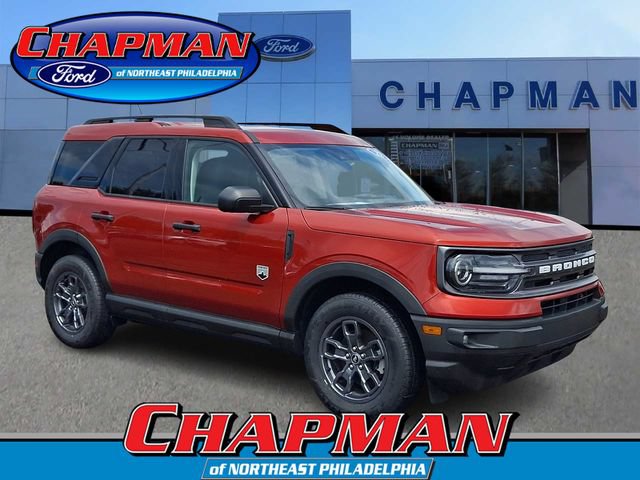 Certified 2022 Ford Bronco Sport Big Bend w/ Convenience Package AWD/4WD video 1
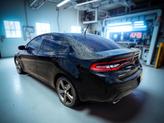 Thumbnail of 2016 Pitch Black Clearcoat Dodge Dart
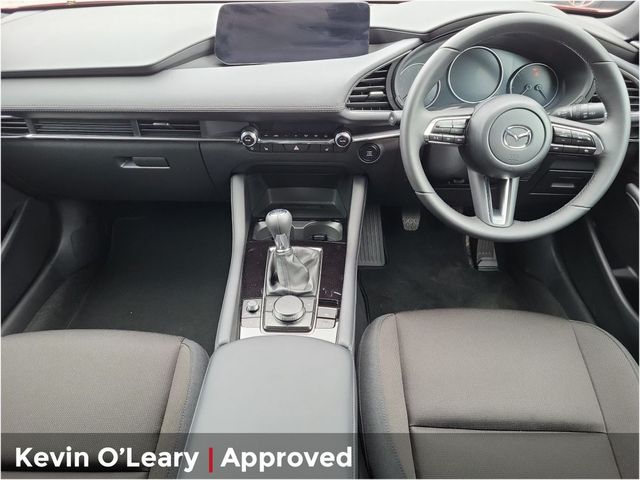 Image for 2025 Mazda Mazda3 5dr Centre-Line 2.0 SKY-X 186PS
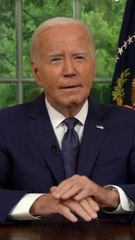 트럼프 피격에 ‘흔들’ 바이든…두차례 대국민 연설서 “통합” “통합”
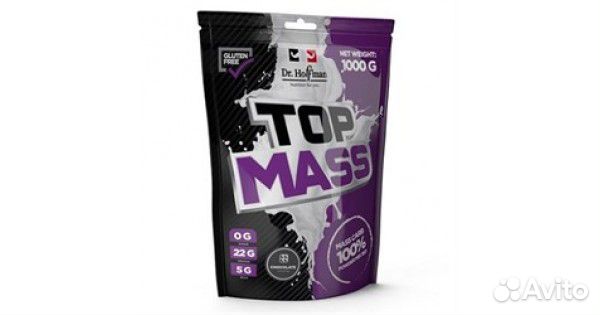 Гейнер Top Mass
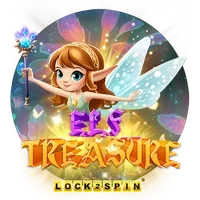 Elf Treasure Lock 2 Spin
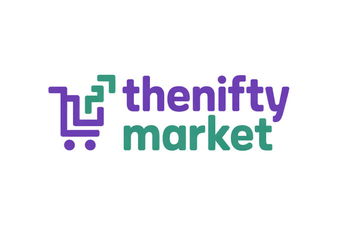 TheNiftyMarket.com - Creative brandable domain for sale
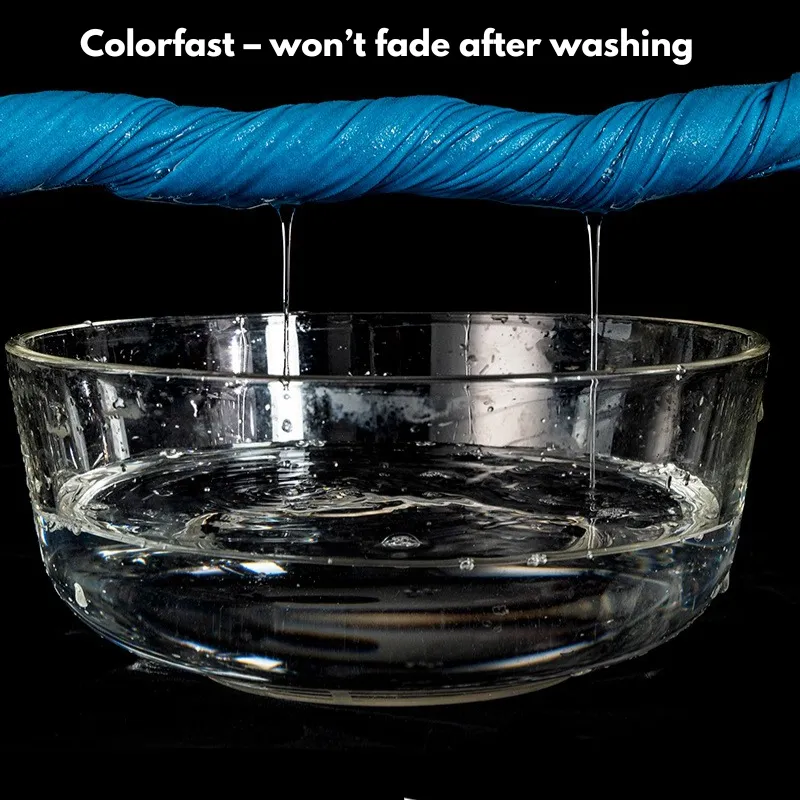 Luxe Mercerized Cotton Tee - God Is An Artist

**TRY IT:**
Without the pictures, reproduce every line of the records above exactly.

**RESULT:**
 Certified 2022 Ford Bronco Sport Big Bend w/ Convenience Package AWD/4WD video 1
 Thumbnail of 2016 Pitch Black Clearcoat Dodge Dart
 Image for 2025 Mazda Mazda3 5dr Centre-Line 2.0 SKY-X 186PS
 트럼프 피격에 ‘흔들’ 바이든…두차례 대국민 연설서 “통합” “통합”
 Гейнер Top Mass
 Elf Treasure Lock 2 Spin
 TheNiftyMarket.com - Creative brandable domain for sale
 Luxe Mercerized Cotton Tee - God Is An Artist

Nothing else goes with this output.